Brother Brontë
Fernando Flores. MCD, $28 (352p) ISBN 978-0-374-60416-5
In this energetic if uneven dystopian novel from Flores (Tears of the Trufflepig), two young women cope with their Texas border town’s draconian rules. When agents of Mayor Pablo Henry Crick, who’s outlawed all art forms, ransack punk rocker Neftali’s house, she loses all but two of her books, which she keeps hidden beneath her floorboards. One, a manual on hydraulics, is meant as a birthday present for Bettina, the woman who raised Neftali after her mother died. Together with her best friend and former bandmate Proserpina (their group is on hiatus thanks to Crick’s rules), she sets out to bring the book to Bettina at a state-run fish cannery, a dismal and noxious operation where Bettina and all of the town’s mothers are forced to work.

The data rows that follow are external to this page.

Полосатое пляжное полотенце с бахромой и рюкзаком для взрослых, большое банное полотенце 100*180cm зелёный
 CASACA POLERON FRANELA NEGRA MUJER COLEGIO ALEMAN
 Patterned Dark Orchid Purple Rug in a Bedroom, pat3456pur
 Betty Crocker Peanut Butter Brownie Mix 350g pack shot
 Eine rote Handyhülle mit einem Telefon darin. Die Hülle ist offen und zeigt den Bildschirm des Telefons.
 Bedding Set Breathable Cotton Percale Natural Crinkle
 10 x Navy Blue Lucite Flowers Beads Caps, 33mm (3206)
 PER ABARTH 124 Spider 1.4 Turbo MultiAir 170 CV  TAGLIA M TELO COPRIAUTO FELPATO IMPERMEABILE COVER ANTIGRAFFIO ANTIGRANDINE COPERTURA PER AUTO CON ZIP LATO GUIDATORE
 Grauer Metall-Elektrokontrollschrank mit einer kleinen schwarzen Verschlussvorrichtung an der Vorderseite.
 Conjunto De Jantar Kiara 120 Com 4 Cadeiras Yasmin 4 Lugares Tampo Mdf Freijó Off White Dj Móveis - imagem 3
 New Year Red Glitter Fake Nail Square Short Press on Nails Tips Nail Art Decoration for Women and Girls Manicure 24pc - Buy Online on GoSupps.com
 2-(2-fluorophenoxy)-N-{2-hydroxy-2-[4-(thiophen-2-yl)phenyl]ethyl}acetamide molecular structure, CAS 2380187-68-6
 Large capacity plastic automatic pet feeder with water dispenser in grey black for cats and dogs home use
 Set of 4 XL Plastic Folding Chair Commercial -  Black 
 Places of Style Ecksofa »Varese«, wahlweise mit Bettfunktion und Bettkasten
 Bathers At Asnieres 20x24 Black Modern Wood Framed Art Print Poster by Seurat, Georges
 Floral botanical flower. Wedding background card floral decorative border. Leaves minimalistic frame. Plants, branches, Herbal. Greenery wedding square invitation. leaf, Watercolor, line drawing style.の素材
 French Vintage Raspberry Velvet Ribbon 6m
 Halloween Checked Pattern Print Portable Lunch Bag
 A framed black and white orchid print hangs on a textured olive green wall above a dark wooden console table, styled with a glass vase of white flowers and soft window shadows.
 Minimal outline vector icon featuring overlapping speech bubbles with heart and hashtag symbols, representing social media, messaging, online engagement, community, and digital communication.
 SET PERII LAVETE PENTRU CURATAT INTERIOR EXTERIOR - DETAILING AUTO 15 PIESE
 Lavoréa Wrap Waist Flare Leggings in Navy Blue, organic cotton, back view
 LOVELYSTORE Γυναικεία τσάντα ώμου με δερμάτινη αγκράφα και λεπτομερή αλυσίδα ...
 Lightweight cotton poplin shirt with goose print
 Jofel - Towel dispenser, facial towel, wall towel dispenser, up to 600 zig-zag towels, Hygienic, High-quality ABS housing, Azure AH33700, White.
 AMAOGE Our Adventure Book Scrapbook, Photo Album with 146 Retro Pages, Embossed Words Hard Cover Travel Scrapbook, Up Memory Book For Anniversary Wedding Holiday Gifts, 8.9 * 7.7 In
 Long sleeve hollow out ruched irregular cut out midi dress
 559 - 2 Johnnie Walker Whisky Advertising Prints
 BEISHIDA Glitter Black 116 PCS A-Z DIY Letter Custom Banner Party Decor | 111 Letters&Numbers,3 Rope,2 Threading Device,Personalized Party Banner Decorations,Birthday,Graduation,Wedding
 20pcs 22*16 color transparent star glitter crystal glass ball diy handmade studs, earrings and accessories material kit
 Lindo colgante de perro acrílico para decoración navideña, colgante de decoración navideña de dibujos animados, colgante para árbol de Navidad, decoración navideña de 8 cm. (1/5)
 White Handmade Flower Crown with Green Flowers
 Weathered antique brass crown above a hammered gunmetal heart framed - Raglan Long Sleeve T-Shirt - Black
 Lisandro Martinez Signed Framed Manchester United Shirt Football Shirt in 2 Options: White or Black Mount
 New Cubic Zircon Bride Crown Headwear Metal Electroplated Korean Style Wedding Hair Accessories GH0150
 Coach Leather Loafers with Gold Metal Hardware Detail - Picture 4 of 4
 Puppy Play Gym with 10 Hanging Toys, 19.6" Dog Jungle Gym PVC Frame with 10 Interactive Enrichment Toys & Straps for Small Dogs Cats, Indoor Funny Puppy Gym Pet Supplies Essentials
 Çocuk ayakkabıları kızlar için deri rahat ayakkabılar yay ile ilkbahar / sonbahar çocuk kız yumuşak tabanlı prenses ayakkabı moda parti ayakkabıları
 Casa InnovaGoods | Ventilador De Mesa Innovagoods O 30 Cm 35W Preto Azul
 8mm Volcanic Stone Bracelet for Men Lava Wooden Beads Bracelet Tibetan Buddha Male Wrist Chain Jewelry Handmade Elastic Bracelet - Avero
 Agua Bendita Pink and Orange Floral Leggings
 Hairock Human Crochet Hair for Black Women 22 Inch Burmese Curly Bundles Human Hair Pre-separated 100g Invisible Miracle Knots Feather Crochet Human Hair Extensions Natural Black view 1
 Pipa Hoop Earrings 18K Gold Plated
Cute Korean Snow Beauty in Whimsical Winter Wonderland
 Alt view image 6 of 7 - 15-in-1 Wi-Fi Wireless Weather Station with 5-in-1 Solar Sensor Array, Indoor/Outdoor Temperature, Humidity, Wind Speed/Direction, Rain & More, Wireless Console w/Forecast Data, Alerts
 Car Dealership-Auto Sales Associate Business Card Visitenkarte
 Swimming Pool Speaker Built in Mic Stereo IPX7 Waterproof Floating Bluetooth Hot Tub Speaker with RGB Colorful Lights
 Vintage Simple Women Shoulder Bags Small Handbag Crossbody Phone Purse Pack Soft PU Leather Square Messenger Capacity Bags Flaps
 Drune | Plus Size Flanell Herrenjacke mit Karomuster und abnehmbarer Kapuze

Along the way, the manual is seized and destroyed by book shredders, and the women narrowly escape with Neftali’s other book, a prized copy of a novel by Jazzmin Monelle Rivas. Flores adds a metafictional layer with a section devoted to Rivas, who also published a novel titled Brother Brontë, but the story lines never quite mesh. Still, Flores sketches a vivid phantasmagoria of resistance, including a band of revolutionary tías who are secretly building a tamale cooker to circumvent Crick’s cruel food rationing program. There’s fun to be had in this literary adventure. Agent: Soumeya Roberts, HG Literary. (Feb.)